Soddisfatta anche la relatrice dem Anna Rossomando: «La riforma del processo civile rappresenta un tassello fondamentale per la Giustizia italiana, oltre che il requisito principale per l’ottenimento dei fondi del Pnrr. Per questo era urgente arrivare alla votazione in commissione e all’approdo in aula. Il lavoro svolto ha portato a delle novità di rilievo che insieme all’imprescindibile aumento di risorse e agli investimenti sull’organizzazione del processo, hanno l’obiettivo di ridurre i tempi e assicurare la tutela dei diritti. Tra gli elementi principali sottolineiamo l’effettività della prima udienza, l’istituzione del Tribunale della famiglia, gli incentivi fiscali per i riti alternativi e le maggiori tutele per le donne e i minori vittime di violenza in ambito familiare, oltre all’introduzione dell’ufficio del processo che porterà nuove risorse e competenze nei tribunali civili».

Prima udienza “vera”

Il punto più ostico del ddl era quello relativo alle preclusioni e alle decadenze nell’udienza di comparizione. La riformulazione definitiva ammorbidisce la prima versione proposta dal governo, mantenendo ferma l’idea di rendere la prima udienza un appuntamento “vero” tra giudice e parti, senza concludersi, come avviene attualmente, con un rinvio dopo pochi minuti. Il giudice, infatti, stabilirà subito un calendario del processo, disponendo che l’udienza per l’assunzione delle prove sia fissata entro 90 giorni.
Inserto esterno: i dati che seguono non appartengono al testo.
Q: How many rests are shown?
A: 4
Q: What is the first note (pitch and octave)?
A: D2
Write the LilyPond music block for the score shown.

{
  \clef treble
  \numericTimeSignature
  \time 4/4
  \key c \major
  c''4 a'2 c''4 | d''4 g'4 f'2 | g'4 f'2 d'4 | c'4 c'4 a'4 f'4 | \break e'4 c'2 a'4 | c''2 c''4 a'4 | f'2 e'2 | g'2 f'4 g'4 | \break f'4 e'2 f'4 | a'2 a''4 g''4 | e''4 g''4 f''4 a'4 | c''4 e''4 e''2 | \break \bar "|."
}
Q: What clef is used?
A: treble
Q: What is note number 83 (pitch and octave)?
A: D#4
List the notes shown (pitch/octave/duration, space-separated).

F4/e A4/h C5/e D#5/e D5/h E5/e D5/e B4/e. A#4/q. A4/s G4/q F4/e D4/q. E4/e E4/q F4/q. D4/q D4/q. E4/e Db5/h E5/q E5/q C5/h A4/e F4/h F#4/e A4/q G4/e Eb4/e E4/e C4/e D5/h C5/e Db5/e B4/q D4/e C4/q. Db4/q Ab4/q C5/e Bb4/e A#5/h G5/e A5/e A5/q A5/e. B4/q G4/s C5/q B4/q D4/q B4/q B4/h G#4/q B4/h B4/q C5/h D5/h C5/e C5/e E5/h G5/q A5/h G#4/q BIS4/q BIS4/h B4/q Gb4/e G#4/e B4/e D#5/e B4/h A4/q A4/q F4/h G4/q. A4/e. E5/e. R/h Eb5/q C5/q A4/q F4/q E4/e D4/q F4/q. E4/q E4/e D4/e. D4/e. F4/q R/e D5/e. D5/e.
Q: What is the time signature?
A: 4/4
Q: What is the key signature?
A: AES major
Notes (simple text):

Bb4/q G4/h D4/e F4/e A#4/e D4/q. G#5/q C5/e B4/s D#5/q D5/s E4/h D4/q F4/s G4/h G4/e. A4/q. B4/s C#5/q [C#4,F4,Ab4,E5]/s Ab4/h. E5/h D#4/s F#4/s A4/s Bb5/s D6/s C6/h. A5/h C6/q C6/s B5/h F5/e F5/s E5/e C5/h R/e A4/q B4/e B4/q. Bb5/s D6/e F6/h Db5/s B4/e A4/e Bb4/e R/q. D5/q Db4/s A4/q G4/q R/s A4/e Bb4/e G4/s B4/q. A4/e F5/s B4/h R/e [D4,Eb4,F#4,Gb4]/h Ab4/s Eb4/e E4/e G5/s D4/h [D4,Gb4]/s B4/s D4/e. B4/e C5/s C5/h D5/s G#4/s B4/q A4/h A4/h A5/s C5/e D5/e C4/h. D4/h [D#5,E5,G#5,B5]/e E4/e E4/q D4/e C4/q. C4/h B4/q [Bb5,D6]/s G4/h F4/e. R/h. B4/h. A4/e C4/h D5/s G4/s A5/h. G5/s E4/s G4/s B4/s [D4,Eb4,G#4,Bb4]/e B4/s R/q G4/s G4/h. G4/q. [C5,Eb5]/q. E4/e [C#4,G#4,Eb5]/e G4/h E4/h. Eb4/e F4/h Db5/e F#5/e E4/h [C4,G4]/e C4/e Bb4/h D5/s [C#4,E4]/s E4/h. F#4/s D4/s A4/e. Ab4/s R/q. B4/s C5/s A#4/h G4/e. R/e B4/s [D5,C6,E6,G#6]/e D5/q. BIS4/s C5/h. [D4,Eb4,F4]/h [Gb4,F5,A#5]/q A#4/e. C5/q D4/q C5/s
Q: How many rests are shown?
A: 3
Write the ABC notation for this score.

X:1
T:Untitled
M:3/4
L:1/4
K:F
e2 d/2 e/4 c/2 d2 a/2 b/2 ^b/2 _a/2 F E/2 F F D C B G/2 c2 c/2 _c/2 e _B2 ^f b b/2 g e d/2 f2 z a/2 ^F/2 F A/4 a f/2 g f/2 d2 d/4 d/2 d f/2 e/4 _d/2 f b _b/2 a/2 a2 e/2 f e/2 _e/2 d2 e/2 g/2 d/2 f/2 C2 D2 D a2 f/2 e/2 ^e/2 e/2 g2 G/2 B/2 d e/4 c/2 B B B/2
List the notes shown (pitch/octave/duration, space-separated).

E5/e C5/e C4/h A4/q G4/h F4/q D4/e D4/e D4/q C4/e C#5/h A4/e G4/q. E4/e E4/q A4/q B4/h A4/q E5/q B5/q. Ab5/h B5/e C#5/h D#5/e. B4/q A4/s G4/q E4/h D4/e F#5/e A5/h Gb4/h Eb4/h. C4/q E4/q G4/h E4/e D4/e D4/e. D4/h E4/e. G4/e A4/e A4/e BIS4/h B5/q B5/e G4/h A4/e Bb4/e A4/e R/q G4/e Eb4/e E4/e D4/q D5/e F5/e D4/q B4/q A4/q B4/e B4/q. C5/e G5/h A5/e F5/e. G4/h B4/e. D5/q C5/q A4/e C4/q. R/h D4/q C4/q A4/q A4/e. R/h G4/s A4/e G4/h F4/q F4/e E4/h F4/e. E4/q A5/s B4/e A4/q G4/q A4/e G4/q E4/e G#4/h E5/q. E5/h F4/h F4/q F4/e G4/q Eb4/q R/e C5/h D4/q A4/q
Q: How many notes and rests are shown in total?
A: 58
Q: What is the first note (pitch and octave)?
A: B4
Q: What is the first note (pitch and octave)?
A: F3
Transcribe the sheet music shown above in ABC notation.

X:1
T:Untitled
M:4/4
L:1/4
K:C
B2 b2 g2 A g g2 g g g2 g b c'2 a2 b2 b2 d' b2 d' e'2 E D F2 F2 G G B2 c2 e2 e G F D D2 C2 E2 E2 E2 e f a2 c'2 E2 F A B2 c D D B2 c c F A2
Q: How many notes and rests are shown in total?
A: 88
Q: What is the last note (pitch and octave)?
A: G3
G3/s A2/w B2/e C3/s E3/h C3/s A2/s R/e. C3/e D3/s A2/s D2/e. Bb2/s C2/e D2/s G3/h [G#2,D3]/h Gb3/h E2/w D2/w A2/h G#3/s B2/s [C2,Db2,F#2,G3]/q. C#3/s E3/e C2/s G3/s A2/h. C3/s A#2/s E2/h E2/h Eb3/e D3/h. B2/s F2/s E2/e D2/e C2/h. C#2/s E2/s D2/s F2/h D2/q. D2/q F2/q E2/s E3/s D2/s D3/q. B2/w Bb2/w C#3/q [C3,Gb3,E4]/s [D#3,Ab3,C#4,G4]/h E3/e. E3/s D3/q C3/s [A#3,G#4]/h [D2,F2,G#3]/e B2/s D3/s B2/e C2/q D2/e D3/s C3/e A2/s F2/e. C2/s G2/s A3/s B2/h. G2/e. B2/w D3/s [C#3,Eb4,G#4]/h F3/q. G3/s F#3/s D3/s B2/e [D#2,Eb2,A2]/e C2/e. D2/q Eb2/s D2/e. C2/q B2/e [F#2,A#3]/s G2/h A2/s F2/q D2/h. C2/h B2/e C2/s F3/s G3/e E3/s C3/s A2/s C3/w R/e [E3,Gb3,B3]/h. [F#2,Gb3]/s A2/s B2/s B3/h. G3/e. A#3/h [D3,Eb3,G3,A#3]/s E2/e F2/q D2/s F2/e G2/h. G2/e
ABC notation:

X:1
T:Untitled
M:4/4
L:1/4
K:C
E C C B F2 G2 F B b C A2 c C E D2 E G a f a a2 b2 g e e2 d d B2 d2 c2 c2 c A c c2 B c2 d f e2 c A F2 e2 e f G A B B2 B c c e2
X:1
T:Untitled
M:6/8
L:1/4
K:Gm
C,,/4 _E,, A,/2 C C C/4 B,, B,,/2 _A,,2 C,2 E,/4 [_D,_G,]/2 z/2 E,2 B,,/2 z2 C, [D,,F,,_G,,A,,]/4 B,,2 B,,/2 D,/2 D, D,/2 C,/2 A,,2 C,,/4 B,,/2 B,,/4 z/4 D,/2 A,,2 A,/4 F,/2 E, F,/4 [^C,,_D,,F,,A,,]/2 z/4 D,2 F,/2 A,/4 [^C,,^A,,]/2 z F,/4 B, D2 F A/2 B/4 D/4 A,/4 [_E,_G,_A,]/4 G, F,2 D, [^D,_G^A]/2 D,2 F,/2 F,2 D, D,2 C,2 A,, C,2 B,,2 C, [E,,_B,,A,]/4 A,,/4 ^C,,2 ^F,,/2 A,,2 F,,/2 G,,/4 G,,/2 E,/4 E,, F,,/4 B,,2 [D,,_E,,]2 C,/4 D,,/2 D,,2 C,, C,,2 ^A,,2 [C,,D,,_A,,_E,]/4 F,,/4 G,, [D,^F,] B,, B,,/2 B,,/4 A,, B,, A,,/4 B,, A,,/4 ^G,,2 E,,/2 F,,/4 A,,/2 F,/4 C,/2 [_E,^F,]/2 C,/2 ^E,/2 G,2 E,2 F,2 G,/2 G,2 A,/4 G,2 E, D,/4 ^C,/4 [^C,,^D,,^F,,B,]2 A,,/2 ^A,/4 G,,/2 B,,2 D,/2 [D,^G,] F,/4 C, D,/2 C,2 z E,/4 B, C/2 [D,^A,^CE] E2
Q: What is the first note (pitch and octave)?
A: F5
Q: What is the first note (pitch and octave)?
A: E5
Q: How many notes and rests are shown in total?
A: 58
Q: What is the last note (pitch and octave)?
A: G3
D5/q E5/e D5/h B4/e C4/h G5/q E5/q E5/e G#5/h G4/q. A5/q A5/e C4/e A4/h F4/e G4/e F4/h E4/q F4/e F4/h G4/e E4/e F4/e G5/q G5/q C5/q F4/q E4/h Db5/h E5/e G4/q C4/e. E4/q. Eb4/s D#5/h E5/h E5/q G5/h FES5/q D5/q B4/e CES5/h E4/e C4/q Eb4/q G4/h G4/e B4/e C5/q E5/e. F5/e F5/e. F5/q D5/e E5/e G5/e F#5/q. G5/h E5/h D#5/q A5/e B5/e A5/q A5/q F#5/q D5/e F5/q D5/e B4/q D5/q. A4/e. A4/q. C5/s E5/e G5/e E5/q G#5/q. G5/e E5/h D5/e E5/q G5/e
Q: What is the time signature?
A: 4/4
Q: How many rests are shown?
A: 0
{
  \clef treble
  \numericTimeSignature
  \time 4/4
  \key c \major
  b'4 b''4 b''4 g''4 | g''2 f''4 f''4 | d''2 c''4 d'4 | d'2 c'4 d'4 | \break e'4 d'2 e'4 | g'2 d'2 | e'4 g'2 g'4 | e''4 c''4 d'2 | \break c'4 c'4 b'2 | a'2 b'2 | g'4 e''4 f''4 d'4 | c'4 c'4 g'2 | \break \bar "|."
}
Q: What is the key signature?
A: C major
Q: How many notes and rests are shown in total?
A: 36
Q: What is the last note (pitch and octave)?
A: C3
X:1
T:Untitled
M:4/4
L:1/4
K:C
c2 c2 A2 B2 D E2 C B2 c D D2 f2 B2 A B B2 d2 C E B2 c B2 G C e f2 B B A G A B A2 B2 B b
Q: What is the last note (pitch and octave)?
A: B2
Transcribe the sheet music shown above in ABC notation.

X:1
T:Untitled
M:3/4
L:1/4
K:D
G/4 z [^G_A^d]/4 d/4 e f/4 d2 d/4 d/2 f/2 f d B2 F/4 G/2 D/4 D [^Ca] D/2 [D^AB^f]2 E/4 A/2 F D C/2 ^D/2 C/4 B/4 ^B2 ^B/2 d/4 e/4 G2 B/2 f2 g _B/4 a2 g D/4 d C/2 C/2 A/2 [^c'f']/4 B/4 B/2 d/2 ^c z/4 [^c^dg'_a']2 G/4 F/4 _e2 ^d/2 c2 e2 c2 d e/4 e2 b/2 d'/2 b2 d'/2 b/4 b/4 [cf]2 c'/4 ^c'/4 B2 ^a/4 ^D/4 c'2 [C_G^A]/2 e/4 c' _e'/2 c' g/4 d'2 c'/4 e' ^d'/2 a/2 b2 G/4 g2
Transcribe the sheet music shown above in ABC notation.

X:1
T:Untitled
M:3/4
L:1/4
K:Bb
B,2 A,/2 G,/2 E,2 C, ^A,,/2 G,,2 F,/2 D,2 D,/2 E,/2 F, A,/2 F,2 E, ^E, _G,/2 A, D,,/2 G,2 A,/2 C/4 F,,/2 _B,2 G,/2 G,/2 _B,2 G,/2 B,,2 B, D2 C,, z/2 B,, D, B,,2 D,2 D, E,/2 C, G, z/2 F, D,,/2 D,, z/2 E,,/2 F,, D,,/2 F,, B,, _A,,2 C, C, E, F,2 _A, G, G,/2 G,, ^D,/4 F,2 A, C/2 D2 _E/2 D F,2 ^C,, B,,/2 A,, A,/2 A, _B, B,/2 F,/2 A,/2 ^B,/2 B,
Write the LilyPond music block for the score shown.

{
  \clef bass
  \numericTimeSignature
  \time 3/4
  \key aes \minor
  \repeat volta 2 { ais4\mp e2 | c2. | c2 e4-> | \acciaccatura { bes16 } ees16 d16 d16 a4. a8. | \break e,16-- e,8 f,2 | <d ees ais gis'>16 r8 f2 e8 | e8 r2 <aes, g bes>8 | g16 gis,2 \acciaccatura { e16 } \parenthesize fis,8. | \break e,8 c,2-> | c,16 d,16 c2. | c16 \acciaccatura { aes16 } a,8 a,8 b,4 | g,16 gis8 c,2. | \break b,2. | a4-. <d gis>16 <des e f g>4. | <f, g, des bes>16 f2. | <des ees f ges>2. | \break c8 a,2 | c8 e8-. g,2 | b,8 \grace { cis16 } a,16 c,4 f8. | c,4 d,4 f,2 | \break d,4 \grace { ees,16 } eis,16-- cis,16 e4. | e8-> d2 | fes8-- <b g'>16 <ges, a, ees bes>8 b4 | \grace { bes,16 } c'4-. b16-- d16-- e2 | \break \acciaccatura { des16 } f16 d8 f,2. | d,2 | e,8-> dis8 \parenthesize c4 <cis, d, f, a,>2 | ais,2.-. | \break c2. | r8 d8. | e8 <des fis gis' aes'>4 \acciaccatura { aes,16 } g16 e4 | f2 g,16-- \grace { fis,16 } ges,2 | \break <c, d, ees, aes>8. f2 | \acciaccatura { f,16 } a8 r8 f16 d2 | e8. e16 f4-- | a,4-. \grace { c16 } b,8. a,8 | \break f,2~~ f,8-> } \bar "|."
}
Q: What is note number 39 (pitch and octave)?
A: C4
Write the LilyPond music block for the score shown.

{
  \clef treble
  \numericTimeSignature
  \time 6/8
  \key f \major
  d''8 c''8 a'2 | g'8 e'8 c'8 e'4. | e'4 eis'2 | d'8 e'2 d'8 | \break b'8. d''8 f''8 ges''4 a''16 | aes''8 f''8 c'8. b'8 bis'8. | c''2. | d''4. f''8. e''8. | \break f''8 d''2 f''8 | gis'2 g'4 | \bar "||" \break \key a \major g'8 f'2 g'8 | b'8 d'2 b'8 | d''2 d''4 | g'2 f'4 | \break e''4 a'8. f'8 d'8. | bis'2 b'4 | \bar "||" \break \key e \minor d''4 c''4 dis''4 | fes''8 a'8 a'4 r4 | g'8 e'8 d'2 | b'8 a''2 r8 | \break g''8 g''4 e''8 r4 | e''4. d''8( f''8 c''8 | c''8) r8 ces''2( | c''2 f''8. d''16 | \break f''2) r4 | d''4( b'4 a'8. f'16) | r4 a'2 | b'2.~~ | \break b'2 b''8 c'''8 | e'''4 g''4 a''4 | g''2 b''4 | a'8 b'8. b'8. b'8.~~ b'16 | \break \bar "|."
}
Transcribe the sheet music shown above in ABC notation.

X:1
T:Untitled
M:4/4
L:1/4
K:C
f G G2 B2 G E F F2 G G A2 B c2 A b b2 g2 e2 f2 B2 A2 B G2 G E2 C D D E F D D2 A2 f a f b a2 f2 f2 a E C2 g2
Durante l’udienza di comparizione, le parti dovranno essere presenti personalmente ai fini del tentativo di conciliazione. L’assenza non motivata può essere valutata dal giudice come fonte di prova. L’emendamento prevede che all’atto di citazione l’attore esponga in modo chiaro e preciso i fatti e gli elementi di diritto costituenti le ragioni della domanda, con l’indicazione specifica dei mezzi di prova.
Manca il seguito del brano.